AVAILABLE DATA:

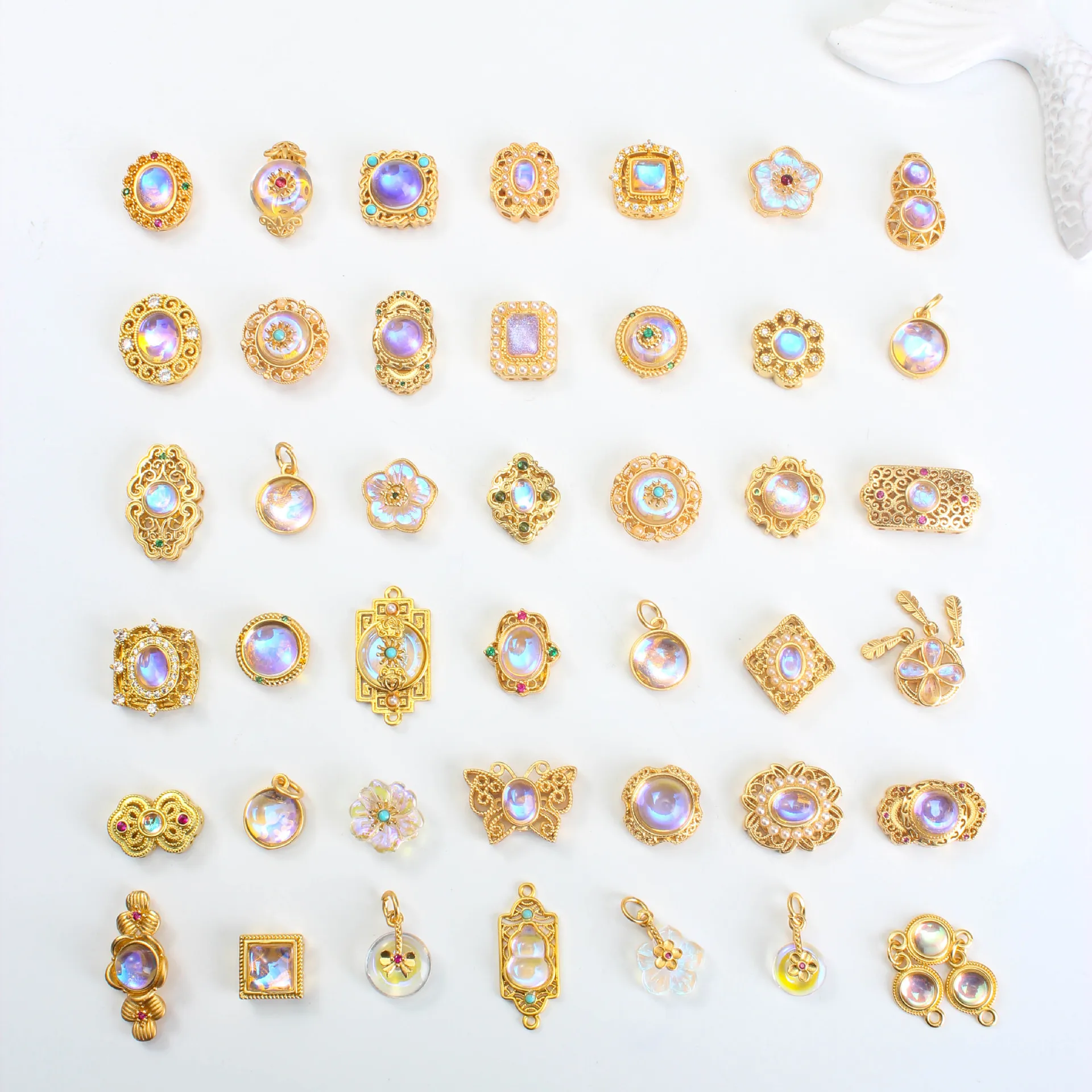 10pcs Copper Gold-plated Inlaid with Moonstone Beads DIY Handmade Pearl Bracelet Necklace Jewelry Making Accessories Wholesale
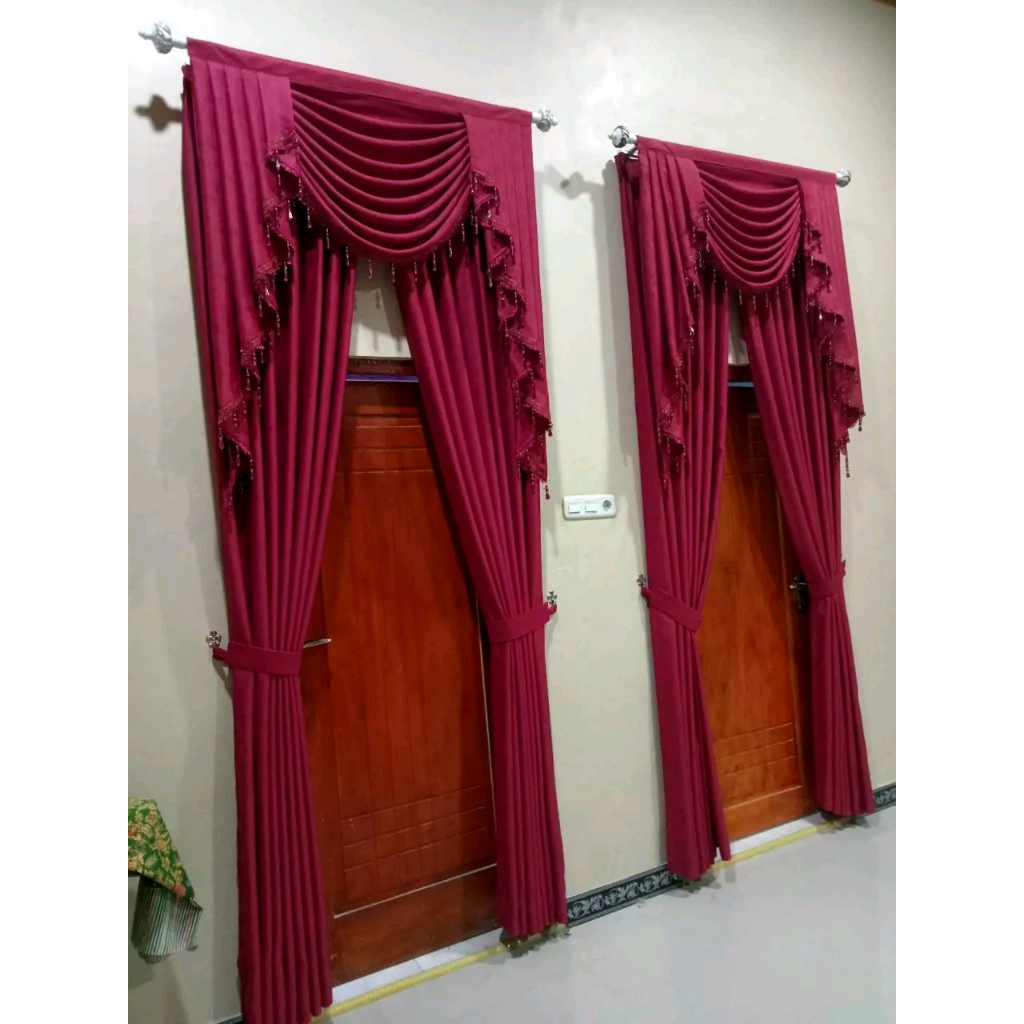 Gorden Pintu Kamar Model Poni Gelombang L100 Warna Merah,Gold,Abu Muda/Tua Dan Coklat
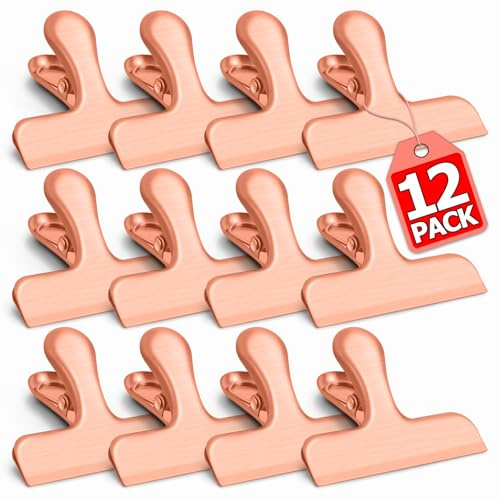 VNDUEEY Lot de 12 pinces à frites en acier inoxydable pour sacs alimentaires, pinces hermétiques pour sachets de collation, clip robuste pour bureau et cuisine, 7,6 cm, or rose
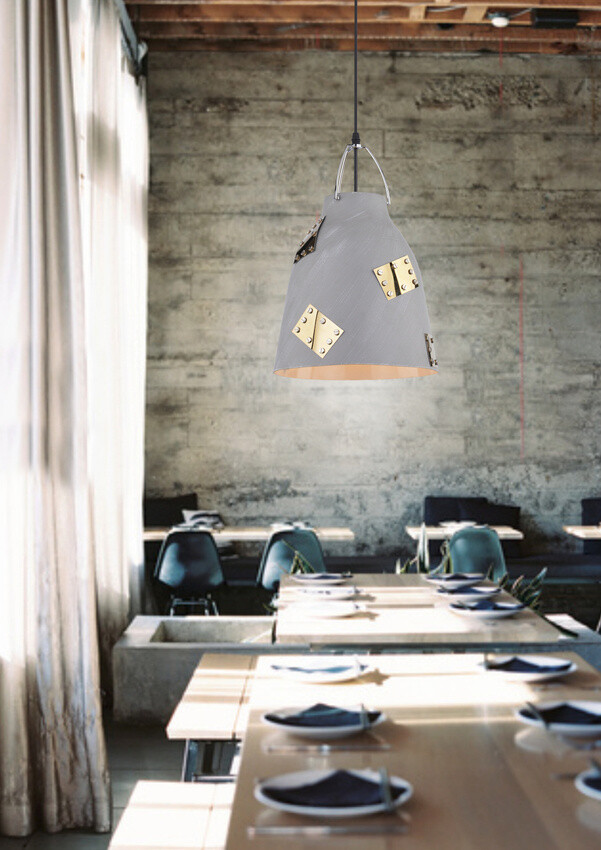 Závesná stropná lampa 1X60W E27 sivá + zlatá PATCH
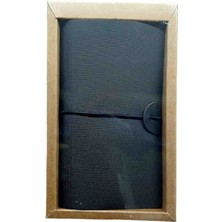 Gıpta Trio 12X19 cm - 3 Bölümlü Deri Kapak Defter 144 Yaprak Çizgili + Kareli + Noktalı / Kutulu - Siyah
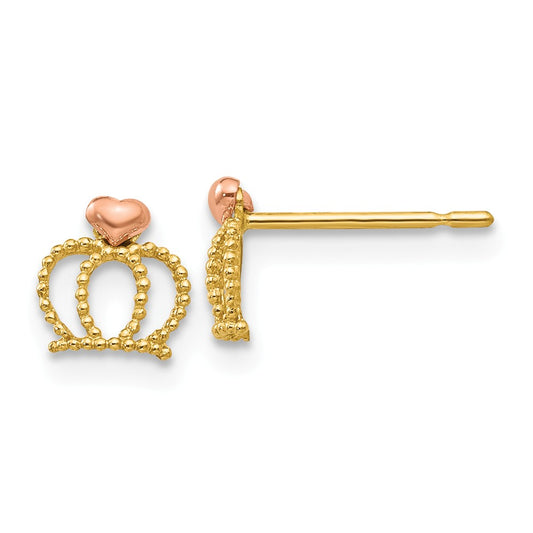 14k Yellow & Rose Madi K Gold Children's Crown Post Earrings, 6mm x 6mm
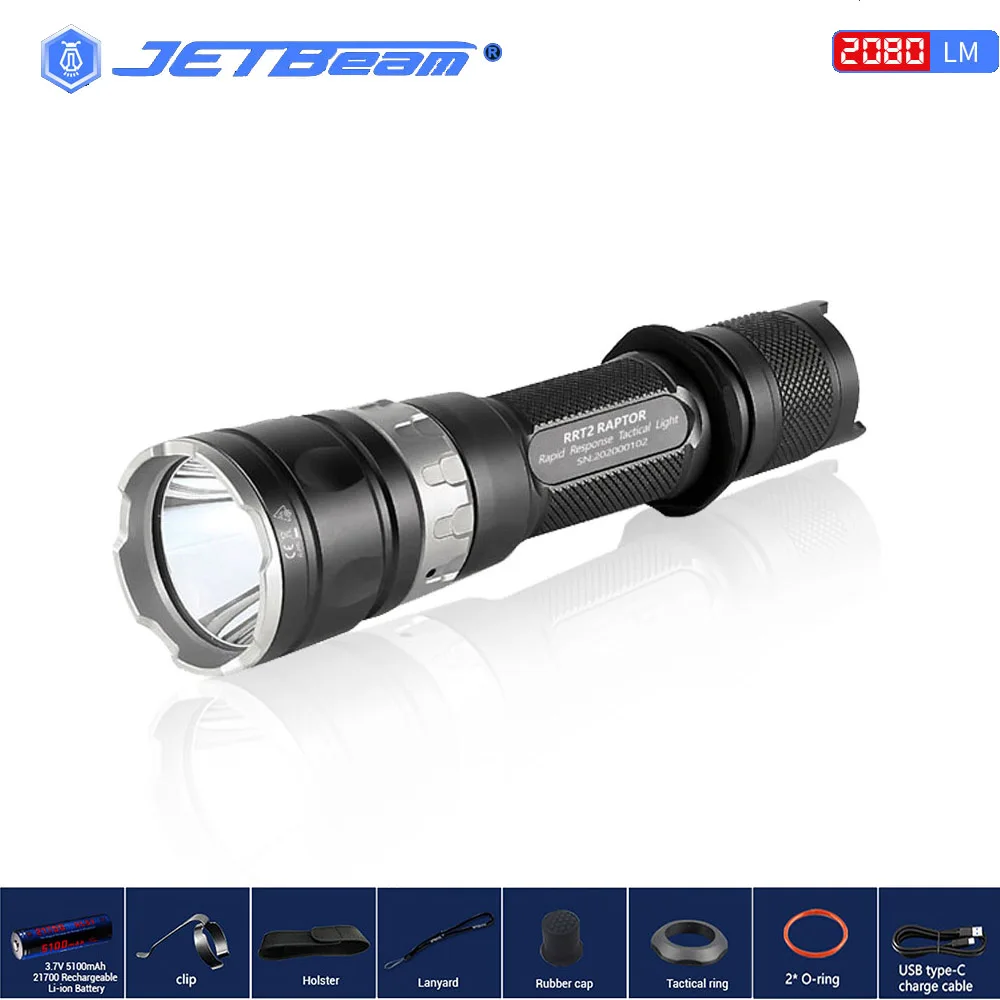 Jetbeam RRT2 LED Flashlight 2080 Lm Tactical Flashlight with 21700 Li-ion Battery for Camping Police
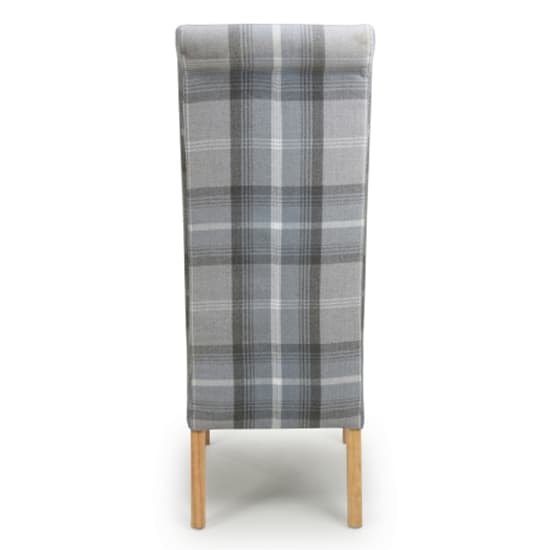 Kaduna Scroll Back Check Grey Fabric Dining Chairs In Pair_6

WHAT YOU NEED TO DO: Everything from the line with "14k Yellow &" through the last line of the listing above is to be copied exactly, both ends included, except the pictures.

PROBLEM SOLUTION:
 14k Yellow & Rose Madi K Gold Children's Crown Post Earrings, 6mm x 6mm
 Jetbeam RRT2 LED Flashlight 2080 Lm Tactical Flashlight with 21700 Li-ion Battery for Camping Police
 Kaduna Scroll Back Check Grey Fabric Dining Chairs In Pair_6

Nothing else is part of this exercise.